Monténégro : l’ignorance dissimulée sous les diplômes

| |

Immédiatement après sa prise de fonction, Damir Šehović, le nouveau ministre de l’Éducation, a promulgué un décret chargeant des inspecteurs de contrôler les nombreuses facultés privées du pays. Cet acte exécutif rouvre le débat sur la qualité de l’enseignement proposé aux jeunes monténégrins et sur le système des universités privées.

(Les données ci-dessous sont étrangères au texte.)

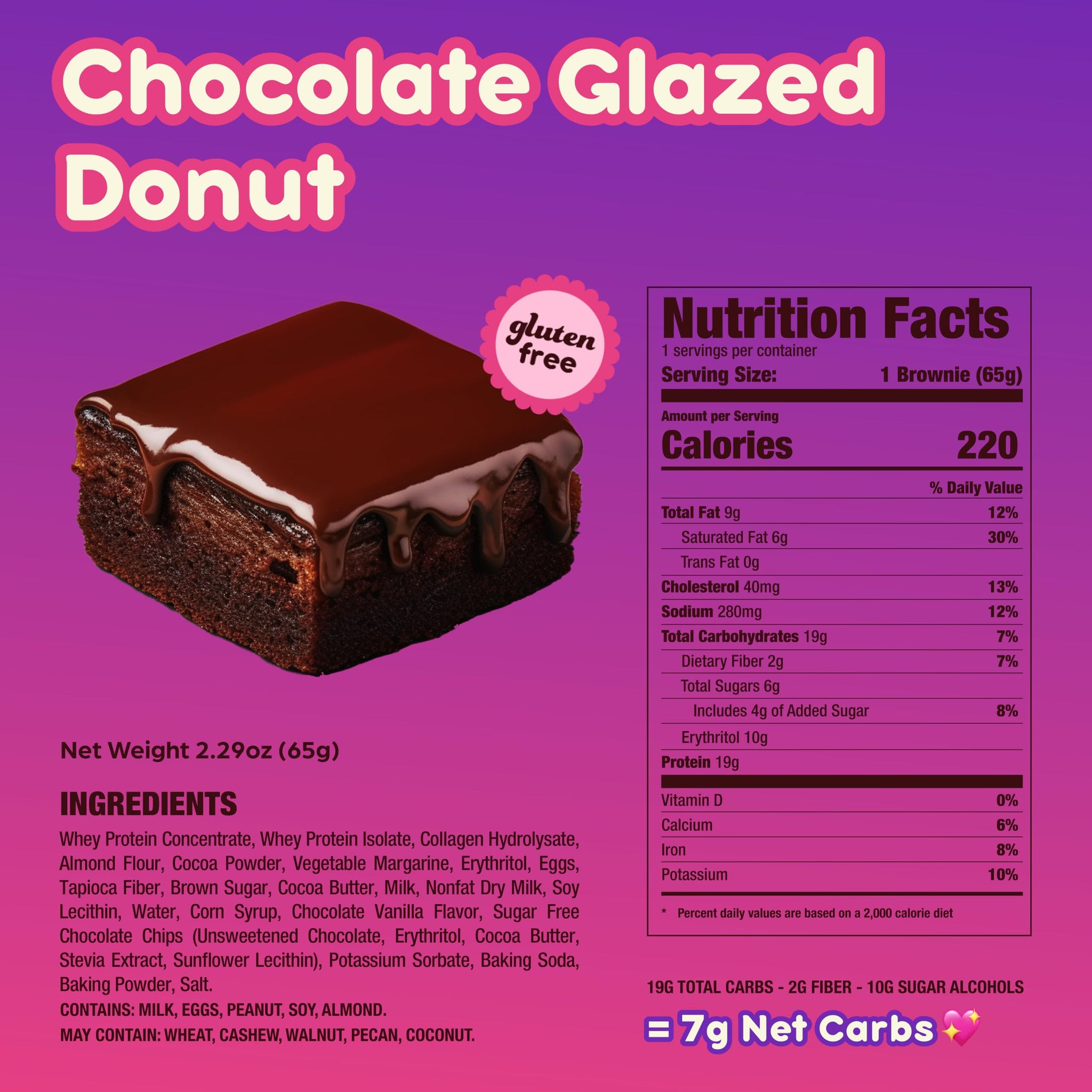 Prime Bites High Protein Brownie (12 Per Box, Chocolate Glazed Donut) - 19g of Protein, 5g of Collagen, Gluten Free, Low Sugar Treat, Delicious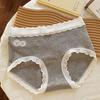 Ladies Spring and Autumn New Lace Color Matching Pure Cotton 10A Antibacterial Extended Crotch Triangle Briefs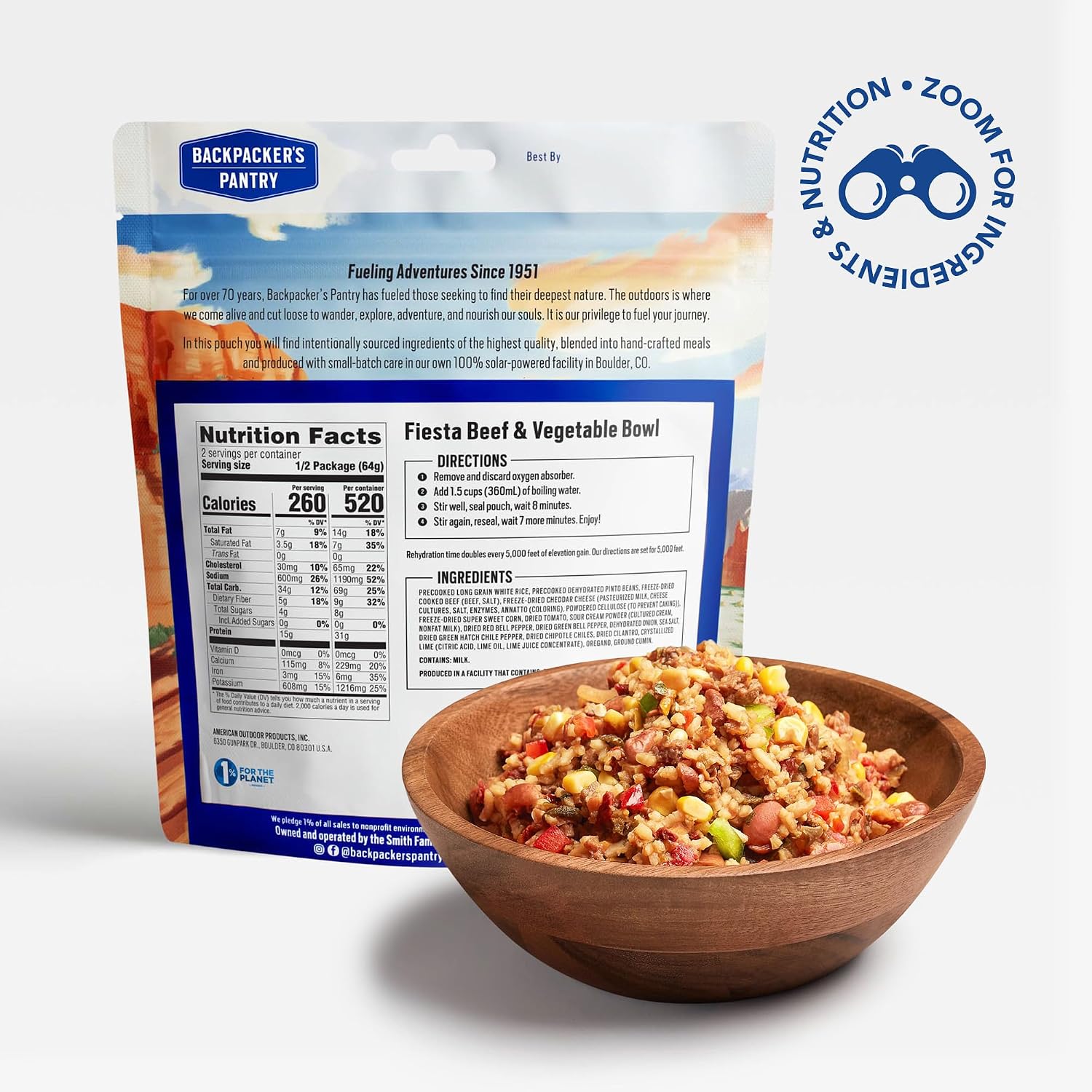 Backpacker's Pantry Lasagna | 1-Pack | 29g Protein | 620 Cal | Vegetarian, Nut Free | Made in the USA | Freeze Dried Meal & Camping Food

Par Dimitrije Jovićević L’enseignement supérieur monténégrin n’a pas bonne réputation. Aucune des facultés du pays ne figure au « classement de Shangaï », la liste des 500 meilleures universités mondiales, quand d’autres établissements d’enseignement supérieur de la région y apparaissent, comme par exemple l’université Aristote de Thessalonique. Beaucoup dans la communauté académique se moquent même de la faiblesse de l’enseignement supérieur monténégrin, arguant que ce dernier n’est bon qu’à former des diplômés pour la bureaucratie de l’État ou pour le Pôle emploi. « Lorsque ces facultés privées ont été ouvertes, c’était tout miel et tout lait », (...)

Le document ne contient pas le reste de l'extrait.